Omit the pictures and return exactly the stretch of the material below from the line with "sterling silver camera earrings NWT" through the line with "Blauwgroen Waterverf haarclip".

Start of SOURCE MATERIAL

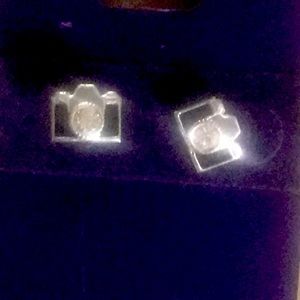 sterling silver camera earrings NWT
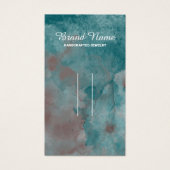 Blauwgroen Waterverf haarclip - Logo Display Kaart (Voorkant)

End of SOURCE MATERIAL
Start of SOURCE MATERIAL

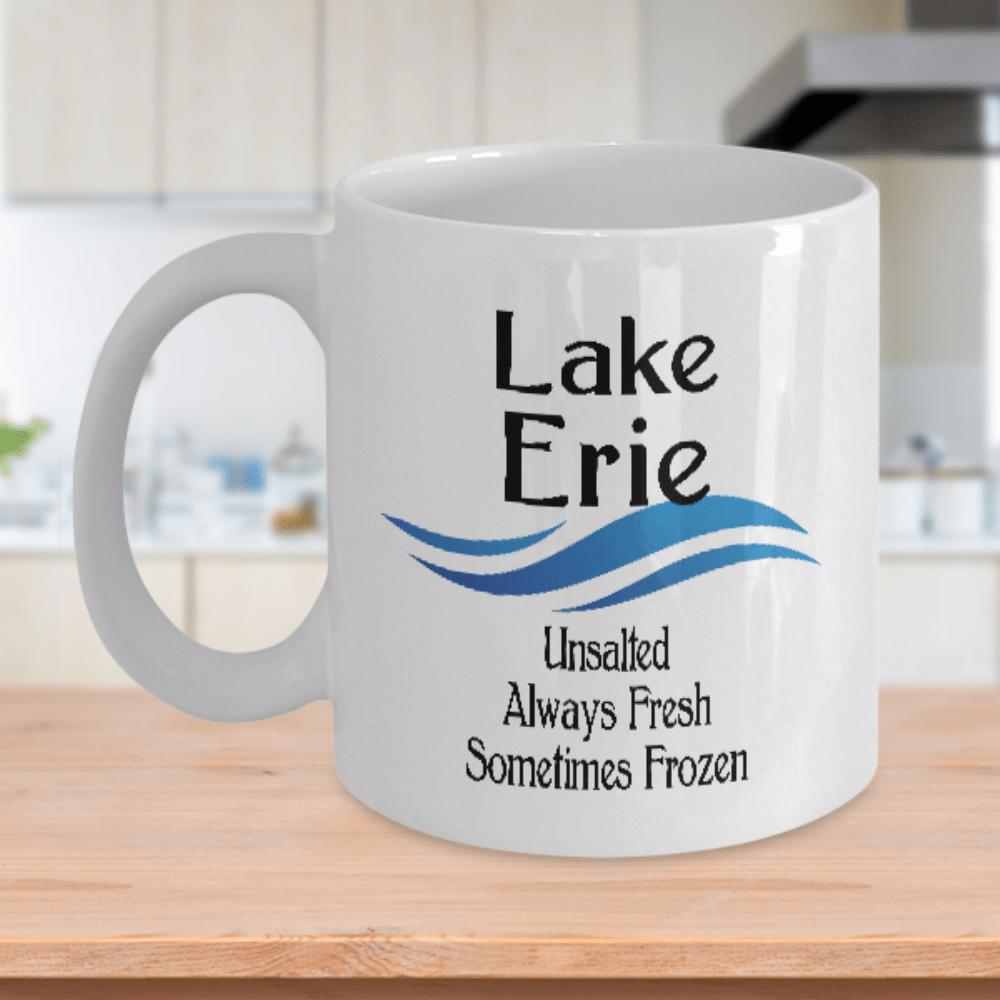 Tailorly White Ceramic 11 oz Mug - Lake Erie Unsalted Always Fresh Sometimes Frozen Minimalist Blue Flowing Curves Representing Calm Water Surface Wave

End of SOURCE MATERIAL

RESPONSE BOX
 sterling silver camera earrings NWT
 Blauwgroen Waterverf haarclip - Logo Display Kaart (Voorkant)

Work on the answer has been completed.